Automatic Obsidian Graph View

During my PhD so far I have been typing notes… A lot of notes. One of the tools I use to make this task more efficient/enjoyable is Obsidian (I actually edit the markdown in Neovim btw). Obsidian is basically a dedicated note taking app that has some very cool features.

One of my favorite features of Obsidian is the ability to link notes. For example, if I’m writing notes on carrots, I can link them to a general note about vegetables. Similarly, a note on how to cook carrot cake can link back to the carrot note.

Obsidian even provides a very pretty view of these notes that they call the Graph View. This view displays notes as interconnected nodes, where each node represents a note file and each link represents the links you specify within the notes.

This feature is incredible except for the fact that it relies on one very important factor… That I am actually going to remember to make the link.

So today we are going to explore a little side project that I developped to try and automatically link note files that appear to have similar concepts. This is all done without AI using plain and simple maths and a little too much caffeine.

Inspiration

This coding project was inspired from a live stream I was watching where the streamer, Tsoding, was implementing a research paper called Less is More: Parameter-Free Text Classification with Gzip. This paper aims to use Gzip (which is basically a tool to zip/compress files) to classify a news article as being of a certain category. For example classifying that an article is about science, politics or geography etc.

The stream I was watching by Tsoding can be found here: Zip works Better than AI, and Tsoding’s code can be found here on GitHub. I highly recommend checking out Tsoding’s work, he creates lots of cool projects, generally written in C, however he hates all languages equally which I can respect.

How Does It Work?

First Compressions

Compression is the idea of taking some information, which in our case is a file, and transform that information in such a way that it takes up less physical space in memory.

For example if we have the following string of characters.

aaaabbbccd

This takes up 10 characters. However we could instead transform the string of characters maybe like this.

4a3b2c1d

Where the new string represents the same thing but instead of writing for example four a’s as aaaa we simply say 4a. This is called run length encoding and is one simple example of a compression algorithm.

The run length encoded string only takes up 8 characters meaning we have saved ourselves 2 characters worth of memory, while still representing the same information.

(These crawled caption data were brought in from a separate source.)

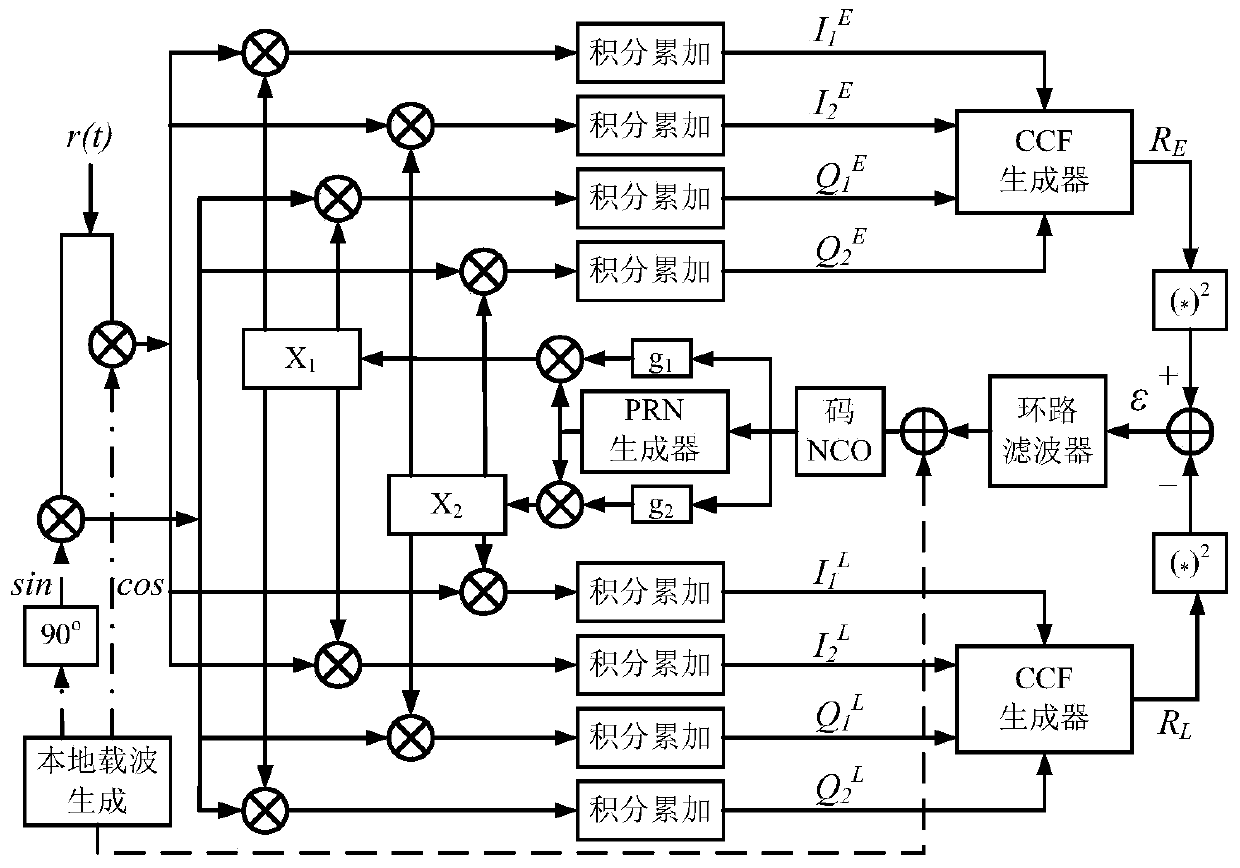 An Unambiguous Tracking Method for Sinusoidal boc Modulated Signals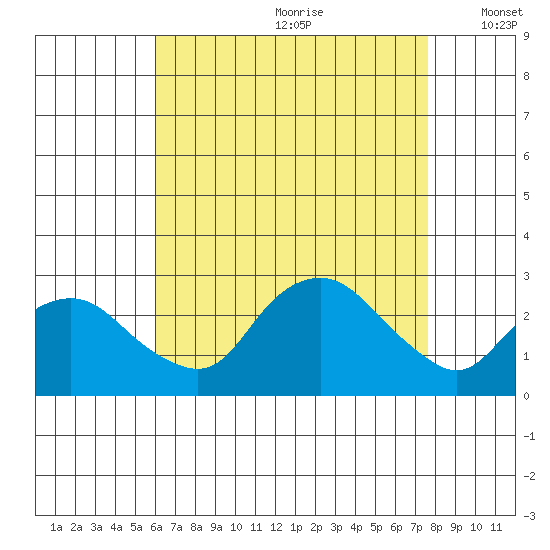 New London tide chart for Tuesday, August 22, 2023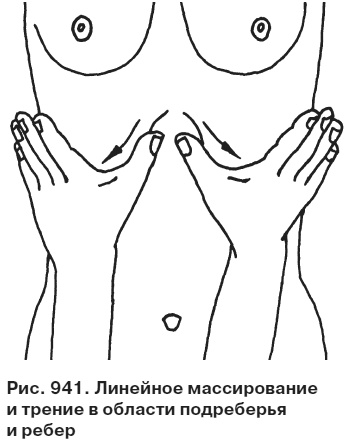 Иллюстрация к книге — Целительные точки от всех болезней в пошаговых схемах [i_942.jpg]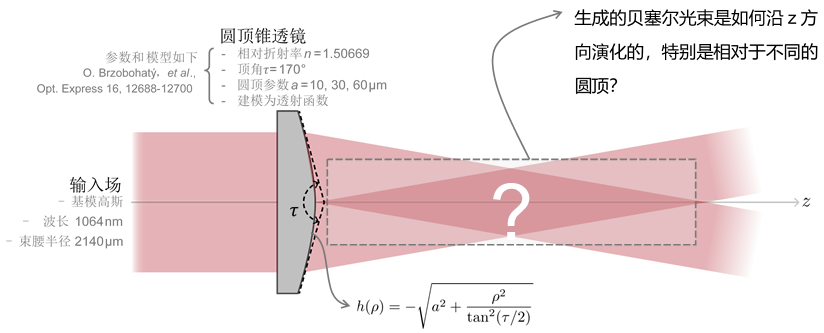 使用圓頂錐透鏡產(chǎn)生貝塞爾光束的建模的圖2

A program, when we want to “decompress” this run length encoded string, can simply transform something like 4a into aaaa and we will get back our original data.

This is one key component of compression algorithms. If we compress a file then decompress it, can we get back the same information? There are some compression algorithms such as JPEG (yep the same one from images) that are lossy and intentionally don’t give back the exact same information after decompression. This trade off allows for JPEG to very aggressively compress the image.

JPEG actually uses the Fourier Transform under the hood to achieve its compression so if you are interested you can check out my previous blog post

However for compressing files, we generally want a lossless compression algorithm. Files could contain any data, it could even be binary, where even just a single changed character could vastly impact the validity of the file.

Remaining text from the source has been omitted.